HONOLULU, Hawaii (HawaiiNewsNow) - Eighteen months after lava flows sidelined Puna Geothermal’s power plant, the company is taking steps to restart operations.
The company recently issued notices to Big Island residents that it will begin drilling on a 5,000-foot deep production well next Wednesday. It expects to complete the project by mid-January.
Big Island Mayor Kim said the company told him it could restart operations shortly after that.
“They were fairly well pleased ... that the damage was not as extensive as they thought it might be," Kim said.
But the district’s state senator believes it’s still too dangerous.
“They’re taking a risk that wasn’t there before. The entire geological structure they’re drilling into has changed,” said state Sen. Russell Ruderman.

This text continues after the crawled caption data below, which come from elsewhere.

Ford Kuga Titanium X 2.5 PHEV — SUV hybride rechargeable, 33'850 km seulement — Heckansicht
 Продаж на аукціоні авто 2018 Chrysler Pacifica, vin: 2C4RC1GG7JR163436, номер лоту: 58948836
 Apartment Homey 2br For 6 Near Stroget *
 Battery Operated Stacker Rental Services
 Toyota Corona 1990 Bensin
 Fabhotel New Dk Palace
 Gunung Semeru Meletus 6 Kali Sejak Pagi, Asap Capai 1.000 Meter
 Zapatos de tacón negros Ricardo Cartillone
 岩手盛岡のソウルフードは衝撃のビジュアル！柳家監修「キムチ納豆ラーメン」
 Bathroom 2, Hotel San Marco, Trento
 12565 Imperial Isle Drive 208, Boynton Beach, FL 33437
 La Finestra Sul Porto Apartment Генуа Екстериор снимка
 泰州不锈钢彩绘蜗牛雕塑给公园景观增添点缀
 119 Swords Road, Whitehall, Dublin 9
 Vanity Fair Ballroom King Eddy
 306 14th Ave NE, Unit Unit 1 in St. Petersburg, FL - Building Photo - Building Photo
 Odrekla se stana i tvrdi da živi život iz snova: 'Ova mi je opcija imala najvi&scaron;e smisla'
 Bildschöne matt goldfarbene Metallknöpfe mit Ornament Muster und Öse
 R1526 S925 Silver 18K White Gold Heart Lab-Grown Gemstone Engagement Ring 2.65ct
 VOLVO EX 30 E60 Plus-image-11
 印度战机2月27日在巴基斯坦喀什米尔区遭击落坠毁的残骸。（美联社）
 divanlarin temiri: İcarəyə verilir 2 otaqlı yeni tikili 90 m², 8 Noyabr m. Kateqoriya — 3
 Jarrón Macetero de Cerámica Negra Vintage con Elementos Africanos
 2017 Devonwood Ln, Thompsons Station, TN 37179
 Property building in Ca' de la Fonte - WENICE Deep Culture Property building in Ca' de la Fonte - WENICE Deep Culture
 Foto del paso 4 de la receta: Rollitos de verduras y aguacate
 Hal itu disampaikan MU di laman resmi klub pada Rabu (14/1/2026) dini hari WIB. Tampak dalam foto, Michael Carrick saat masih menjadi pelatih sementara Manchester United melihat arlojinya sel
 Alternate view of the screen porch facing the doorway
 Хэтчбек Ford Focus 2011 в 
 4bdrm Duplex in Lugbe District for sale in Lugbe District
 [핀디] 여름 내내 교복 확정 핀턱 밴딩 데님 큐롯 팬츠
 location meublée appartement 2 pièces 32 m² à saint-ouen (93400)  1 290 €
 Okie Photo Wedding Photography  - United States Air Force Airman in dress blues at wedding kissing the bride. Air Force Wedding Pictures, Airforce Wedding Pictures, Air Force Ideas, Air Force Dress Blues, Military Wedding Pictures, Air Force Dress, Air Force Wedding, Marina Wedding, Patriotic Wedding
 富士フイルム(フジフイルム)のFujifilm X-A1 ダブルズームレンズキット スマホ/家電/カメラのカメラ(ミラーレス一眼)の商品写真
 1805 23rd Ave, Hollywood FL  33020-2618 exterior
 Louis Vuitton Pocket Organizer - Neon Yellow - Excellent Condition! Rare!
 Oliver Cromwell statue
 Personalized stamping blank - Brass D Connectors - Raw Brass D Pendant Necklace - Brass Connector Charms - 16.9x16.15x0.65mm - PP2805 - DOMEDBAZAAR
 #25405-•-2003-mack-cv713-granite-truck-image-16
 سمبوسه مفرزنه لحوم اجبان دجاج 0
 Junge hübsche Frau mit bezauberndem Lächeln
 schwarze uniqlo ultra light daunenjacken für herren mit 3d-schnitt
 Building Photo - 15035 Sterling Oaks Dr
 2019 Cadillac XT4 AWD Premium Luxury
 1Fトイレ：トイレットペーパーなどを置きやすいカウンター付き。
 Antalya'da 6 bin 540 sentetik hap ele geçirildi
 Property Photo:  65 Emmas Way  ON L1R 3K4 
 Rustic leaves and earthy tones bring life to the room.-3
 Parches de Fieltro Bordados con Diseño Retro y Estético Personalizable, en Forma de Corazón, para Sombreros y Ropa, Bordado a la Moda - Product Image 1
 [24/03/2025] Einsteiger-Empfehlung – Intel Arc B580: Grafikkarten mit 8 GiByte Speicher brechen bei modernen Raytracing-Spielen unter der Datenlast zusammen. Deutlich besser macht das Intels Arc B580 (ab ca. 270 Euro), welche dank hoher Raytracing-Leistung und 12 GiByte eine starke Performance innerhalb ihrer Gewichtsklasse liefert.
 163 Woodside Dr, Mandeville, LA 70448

“Right now there’s lava still flowing underneath them that they’re going to drill into.”
Ruderman said in recent days he’s heard several complaints from residents about loud noises from apparent construction activity coming from the geothermal power plant.
But he’s also worried about accidental releases of potentially harmful gases from the plant.
Experts questioned whether the company can restart in less than five months.
The company needs to rebuild the transmission lines destroyed by the lava and still need other approvals from the state Public Utilities Commission.
“Maybe the end of 2020," said Henry Curtis, executive director of the Life of the Land.